We do expect that those will be rolled out through the balance of this year, maybe a little bit into early next as well. From the REWARDS program that is now nationwide, I'm very excited with the initial response we've had from that program. So I think that's absolutely going to be a big opportunity for us to drive some sales as we go forward.
From the culinary side, you've heard us talk a lot, Jake, in the last year or so about coming back to some of the inherent strengths of the brand. One of those that we think we really should own is macaroni and cheese. As many of you know, that's our number one seller.
And it's one that, as I look at the brand and I've been with the brand for 13 years, I feel like we lost a little bit of our focus on this core strength. The recipe got a little bit away from us in terms of really having the crave-ability that should be a hallmark of the brand. I'm very excited about we're going to have coming up in Q4.
We've really revisited the recipe.
We'll be launching not just kind of the new reformulated macaroni and cheese, which we think has kind of that back-to-basic amazing crave-able flavor that really gets people connected with and emotionally hooked on the brand, but also introducing a permanent macaroni and cheese menu where we'll go narrow but deep with this strength, introducing some items such as the Truffle Mac, which has been the most requested item for us to bring back in our history, as well as Buffalo Chicken Mac and the Barbecue Pork Mac.
So I'm particularly excited as we look into the balance of this year at the opportunity that that can bring, which should be launched in early October..
Great. Thank you very much..
Thank you. Our next question comes from the line of David Palmer from RBC. Your question, please..
Hey, Dave. Just a follow-up question on your – on delivery, takeout and pushing that. I'm a fan of your concept when it comes to that, and it seems that you're trying to push on that lever.
Could you talk about that mix and how cannibalistic that is, whether it's delivery on takeout or takeout the in-store business? And then also when it comes to value, when it comes to a delivery order or a takeout, oftentimes the bar gets higher for value because you're getting into family orders, and that check size can swell and become – it's a little bit of a sticker shock.

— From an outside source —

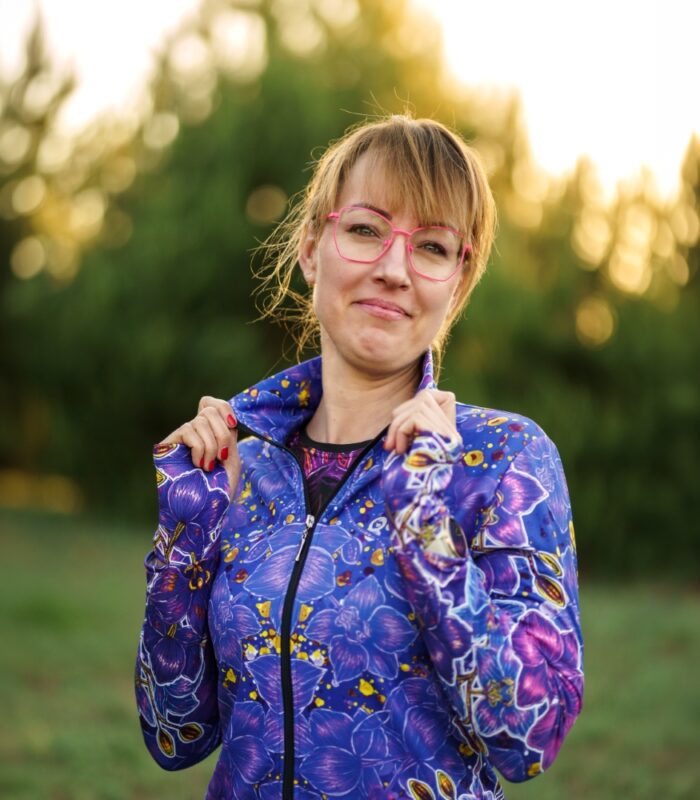 Bluza Nocna Orchidea LOCO na modelce z częściowo rozpiętym zamkiem, widoczna stójka i fioletowe kwiaty.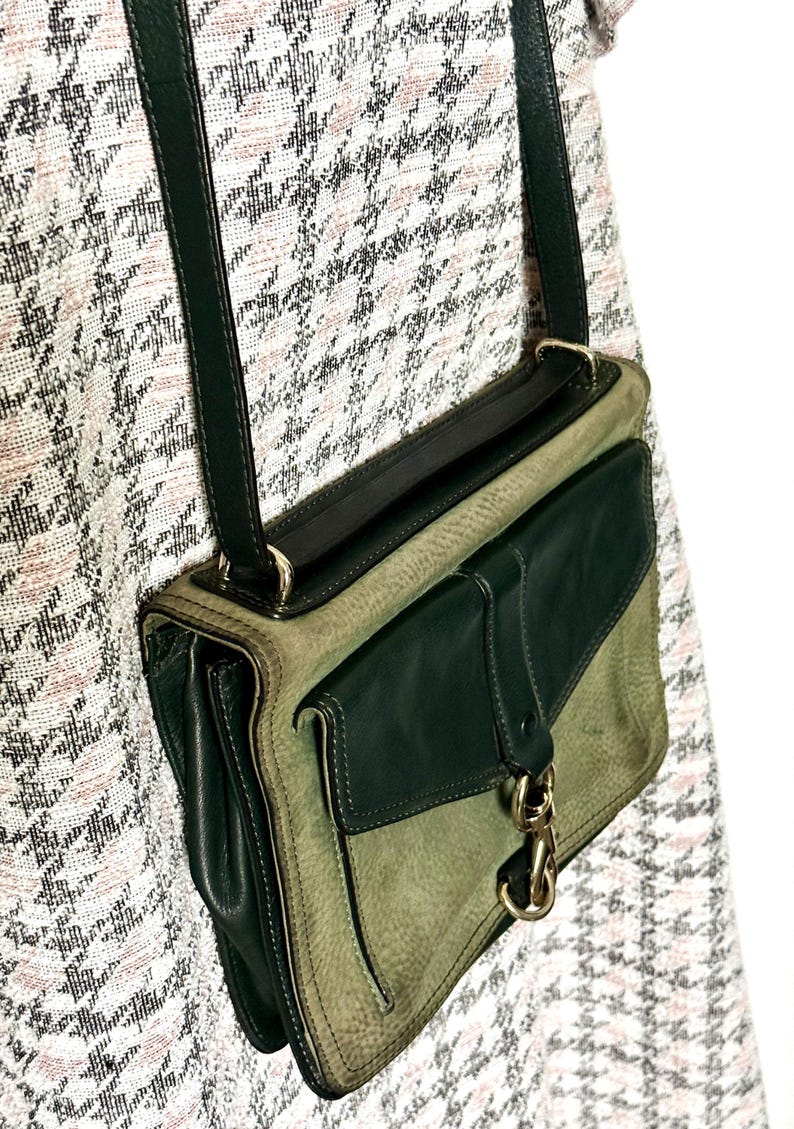May include: A crossbody bag featuring a two-tone design with dark forest green leather accents and a lighter sage green textured leather body. The bag includes a dark green shoulder strap, a front flap pocket, and a gold-toned metal swivel clasp.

Can you talk about trying to make that value work for a family in particular, as they – as you try to grow that delivery and takeout business? Thanks..
Sure. Well, thanks, David, for the question. First, I want to step back and say why we believe this is such a great opportunity for us. Again, we're approaching 50% of our sales that are coming off-premise.

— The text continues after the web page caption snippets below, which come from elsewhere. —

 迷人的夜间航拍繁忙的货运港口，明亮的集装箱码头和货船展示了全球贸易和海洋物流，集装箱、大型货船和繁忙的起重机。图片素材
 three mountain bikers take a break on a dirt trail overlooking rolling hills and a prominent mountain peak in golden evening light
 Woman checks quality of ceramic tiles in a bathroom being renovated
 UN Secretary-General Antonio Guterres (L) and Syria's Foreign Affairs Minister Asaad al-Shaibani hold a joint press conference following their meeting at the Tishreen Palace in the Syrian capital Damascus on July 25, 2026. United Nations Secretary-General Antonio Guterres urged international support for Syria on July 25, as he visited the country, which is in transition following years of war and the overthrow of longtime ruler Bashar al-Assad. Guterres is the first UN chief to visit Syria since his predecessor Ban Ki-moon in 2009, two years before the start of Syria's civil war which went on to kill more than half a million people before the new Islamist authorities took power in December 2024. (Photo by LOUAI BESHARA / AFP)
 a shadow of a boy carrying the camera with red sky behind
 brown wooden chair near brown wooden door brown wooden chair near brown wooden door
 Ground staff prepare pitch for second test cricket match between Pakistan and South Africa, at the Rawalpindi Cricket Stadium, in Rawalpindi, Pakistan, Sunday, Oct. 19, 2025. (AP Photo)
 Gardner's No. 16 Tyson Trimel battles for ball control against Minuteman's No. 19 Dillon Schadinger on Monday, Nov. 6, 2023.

And our concept, by virtue of our strength with families in that dinner occasion, the variety we have, the fact especially when you look at items like the Asian category, we generally lend ourselves well to the off-premise occasion.
That said, it hadn't been much of a focus in the organization past several years, or maybe not as much of a focus as it should have been. When we look at cannibalization versus incremental business, where we see particular incremental business is, right now, when you look at that occasion where speed is of the essence.

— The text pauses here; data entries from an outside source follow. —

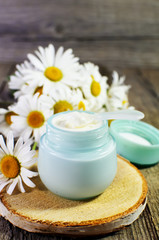 Jar with cosmetic cream on a wooden surface.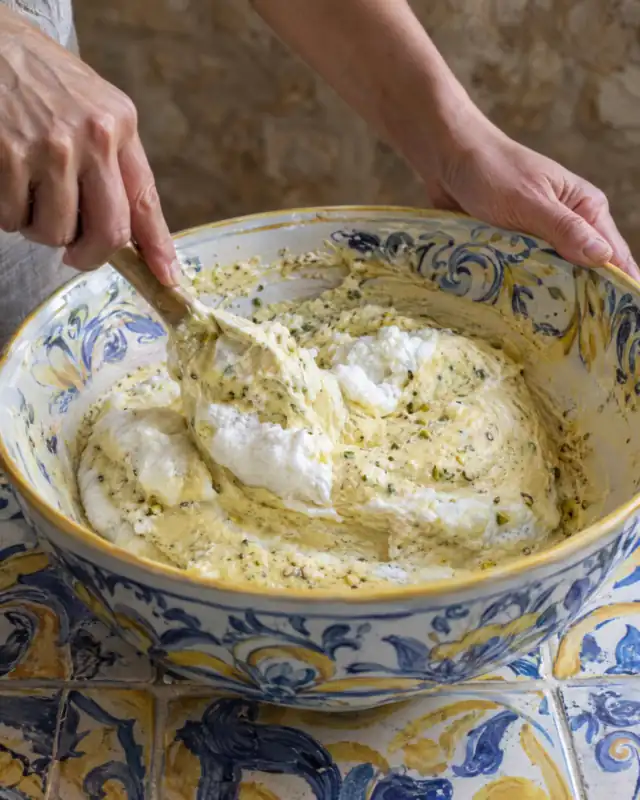 Incorporare l'impasto della torta al pistacchio in una ciotola blu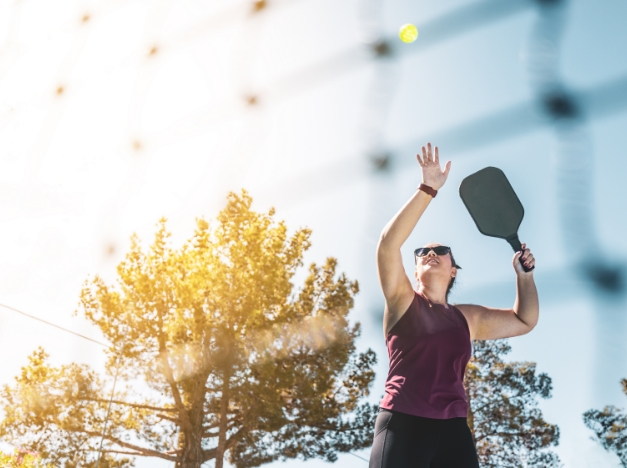 woman playing pickleball outside in the sun
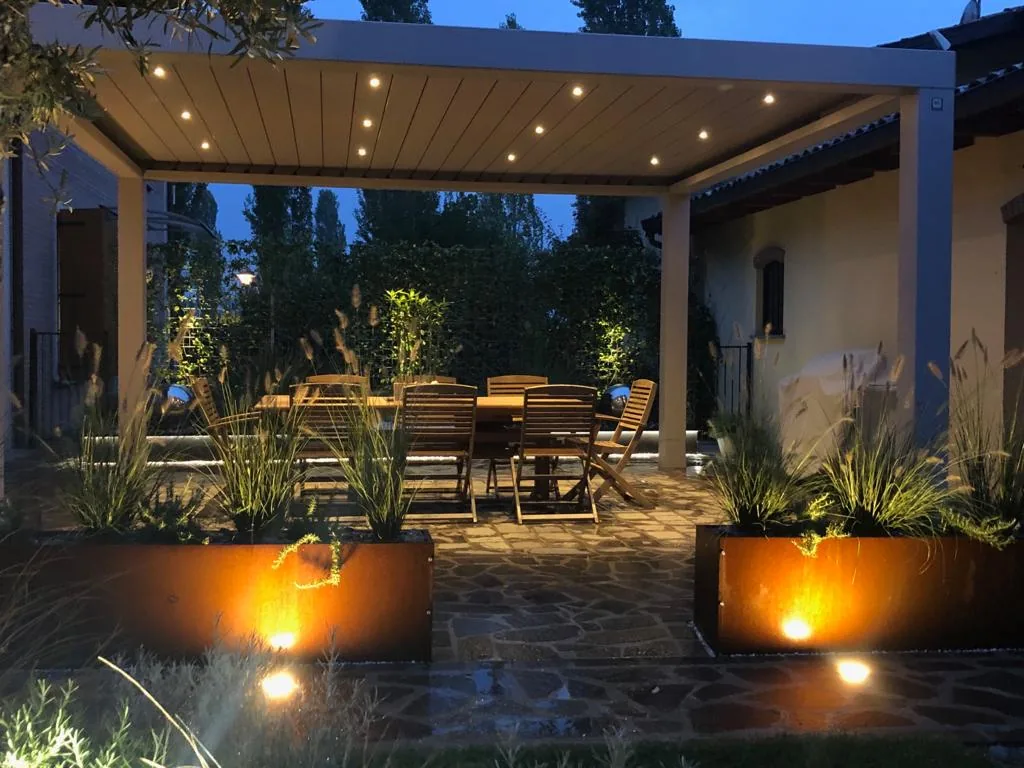 Pergola bioclimatica di sera, con i faretti accesi nel soffitto a lamelle e le fioriere in corten illuminate dal basso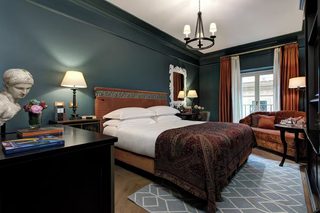 A hotel room with a large bed, a desk with books, a bust sculpture, and a view of the city through the window.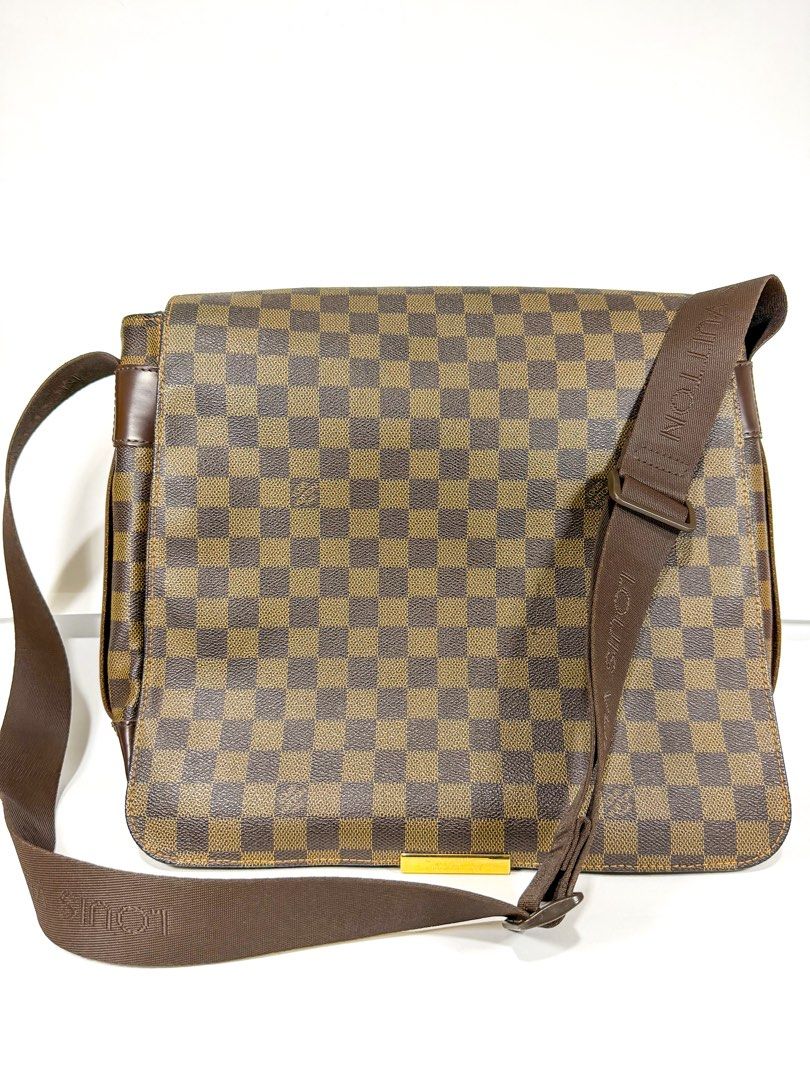 [Decluttering] Authentic Louis Vuitton Damier Ebene Messenger Bag (Category: Luxury Bags & Wallets) located in Mandaluyong City. Submitted by ronportula (Listing ID 1459509045, Image 1). Description: Material : Canvas and leather Length : 32 cm Height : 28 cm Width : 8 cm Shoulder strap : 26 cm - Authentic Louis Vuitton messenger bag - Damier Ebene canvas with classic checkered pattern - Brown leather trim - Front zip pocket - Adjustable shoulder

When we can get our guest to order online, that's something that allows them to skip the line and really becomes a throughput equalizer for us. We still see, of our off-premise business, the majority of it is people that are coming into our restaurants, waiting in line, ordering, and then waiting for their food.
As a reminder, everything is made to order. So, as we push forward and get more and more folks to get online ordering and skipping that line, online ordering now about 8% of sales, which is up from 6% in the prior year, I think you'll see us do more and more of a focus on this. We'll utilize the REWARDS program as well.
That really does become a throughput equalizer and gets us back into the decision set for some occasions that maybe we haven't been as much at the forefront of our guest's mind as we would like to be. The one that's probably the least cannibalistic is delivery.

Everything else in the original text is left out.